Sleater-Kinney’s reunion record is titled No Cities Left to Love—that title is a boldfaced lie. Sleater-Kinney showed our city an abundance of love.  They shared it to a packed floor of fans spanning at least 3 generations.  For many in attendance, this was not just a concert, but a rite of passage for their heirs.

In a vaguely familiar twist, a little sleight of hand was at work, and THEESATISFACTION opened with a stylistic shift I’m not sure many in attendance were expecting.  The duo of Stas & Cats, themselves natives of Washington state and label mates of Sleater-Kinney, may remind some of Floetry.  Their combination of jazz infected hip-hop and R & B, throwback matching attire, and old school energy and stage presence was a pleasant curve ball. The duo addressed the audience and rallied them to make a stand against racial, gender, and sexual-orientation discrimination. By the end of their set the respectful, pleasant-minded audience was appreciative. THEESATIFACTION were on point, consummate pros, delivering a fluid performance that was a flashback to the golden age of hip-hop with a modern level of musical refinement and lyrical topicality. As they danced their way off stage, you could sense the energy of the audience shift slightly, from pleasant to expectant. A much heralded return was moments away.

Corin Tucker, Carrie Brownstein, and Janet Weiss, with the addition of Katie Larkin of Skylarkin, took the stage and never let up rocking the crowd like it was the 90s all over again—but better. Sleater-Kinney is, without a doubt, in their prime as a band. They played the room perfectly loud. The absence of a bass player went unnoticed as the amount of low end in the mix could have fooled me into thinking there was one. In addition to that, Weiss’s use of her toms, and their mic placement and mixing allowed for a range of low-end frequencies that fill out the sound nicely. That’s particularly important when you have a band playing an hour and a half of up-tempo grooves.

The thing is, Sleater-Kinney have written great songs over the duration of their career and shifted styles over that same span, yet they never strayed far from their unique blend of punk and garage rock. You could call then Post Punk or No Wave, but all these labels ultimately fail to do them justice. In my head, I have always seen Sleater-Kinney as the purveyors of prototypical Indie Rock in the best possible way.  Their songs are undeniably rock songs, but all together their own brand.
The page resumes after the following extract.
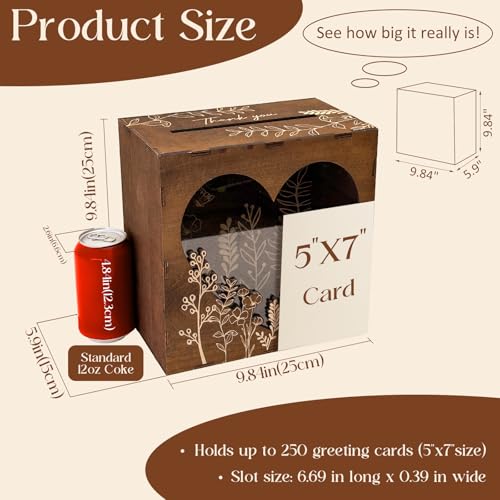 OurWarm Wedding Card Box for Party Wooden Card Boxes for Reception Rustic Wedding Box for Cards and Money Envelope Money Box Gift Cards Box for Graduation Baby Shower Birthday Decor - Image 3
sleater kinney_350Tucker’s soaring and roaring vocals are distinctive and memorable, and haven’t been diminished in the least bit after their absence. She sung out ceaselessly to the point of making what sounded so impassioned and driven seem effortless and natural.  It’s a surreal juxtaposition to experience because the emotion she delivers is convicting. To say she sung like a woman possessed wouldn’t be far off the mark.  Brownstein was a great counter point, assured and confident, and equally passionate, though more controlled and mannered in her delivery.  The rhythm and playfulness that comes across as she dances while playing guitar was also present in her singing, giving her a swagger that was a bit of a throwback to days of the early rock and roll heart throbs—given this is Chuck Berry’s stomping grounds, it seemed appropriate to no end. Weiss was without a doubt the driving force throughout the show. She laid down the groove and nailed carpet tacks into it, making sure it didn’t budge. Weiss was crisp and precise, shouldering the responsibility of time keeper and primary provider of low frequency. It may seem like a small thing, but having to incorporate flourishes and complicated syncopation so there’s ample toms and kick drum action in the mix to compensate for the lack of a bass player is no small feat. It’s what elevates keeping time to artistry, and that’s exactly what the audience experienced as they rocked, swayed, nodded, and bounced through the night.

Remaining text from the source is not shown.